▶ _Data excerpt_
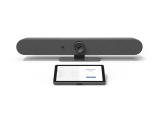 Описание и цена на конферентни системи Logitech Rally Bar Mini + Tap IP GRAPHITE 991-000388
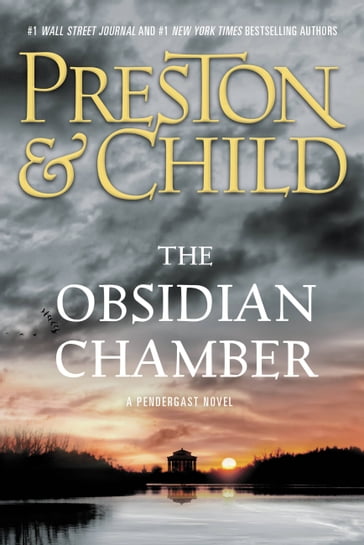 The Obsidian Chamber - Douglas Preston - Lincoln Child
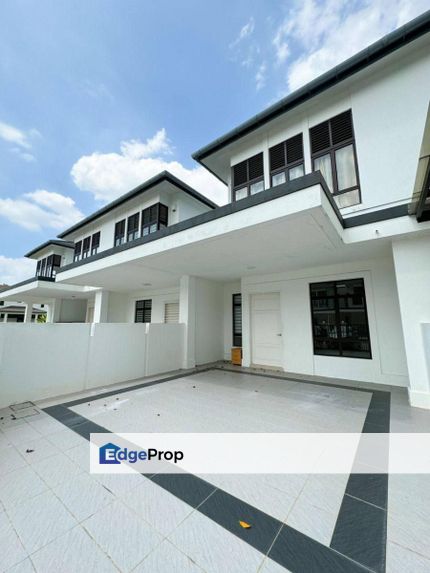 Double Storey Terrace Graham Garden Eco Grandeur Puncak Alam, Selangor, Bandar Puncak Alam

▶ _Work item_
What is needed is an exact copy of the data, without any pictures.

▶ _Response to the task_
 Описание и цена на конферентни системи Logitech Rally Bar Mini + Tap IP GRAPHITE 991-000388
 The Obsidian Chamber - Douglas Preston - Lincoln Child
 Double Storey Terrace Graham Garden Eco Grandeur Puncak Alam, Selangor, Bandar Puncak Alam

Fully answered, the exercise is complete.